Ecuador Places Tiny Tourism Ads On Bananas

More and more often, ads are showing up in unlikely places. Soon, grocery store shoppers will find a tiny ad promoting tourism to Ecuador in a curious place: on each of the 24 million tons of bananas that are exported from the country each year.

Skift first broke the news about the new campaign, what the Ministry of Tourism in Ecuador is calling the “Banana Ambassador” program. Workers in Ecuador will affix tiny stickers with the colorful tourism logo and an accompanying QR code on bananas, just the same as other stickers that are placed on the front of the fruit in the past. The idea is that, hopefully, curious breakfast eaters will scan the code and be connected to a promotional video and tourism site, eventually increasing the numbers of tourists to the tiny country.

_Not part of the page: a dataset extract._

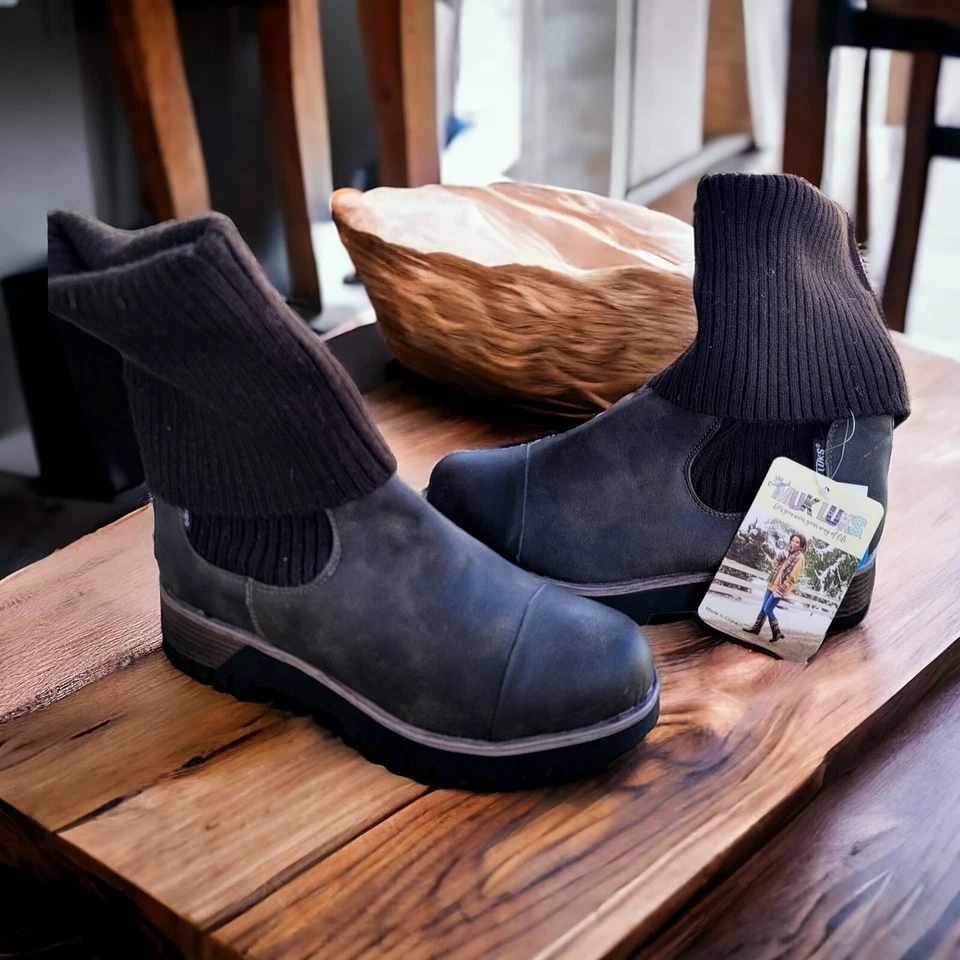 NEW Muk Luks Ankle Boots Sz 10 Brown Ribbed Knitted Wool Womens Water Resistant - Image 4 of 4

Although, as Rafat Ali of Skift points out, QR usage in general is low and the program might have little effect on intent to travel, at least now people will be more aware of where their food comes from. Ecuador is the largest exporter of bananas in the world, sending just as many bananas as the next three largest exporters – Costa Rica, Colombia and the Philippines – combined, accounting for 29 percent of the world’s total exported bananas. And in case you’re curious about those pre-export prices, bananas cost about 10 cents each in Ecuador.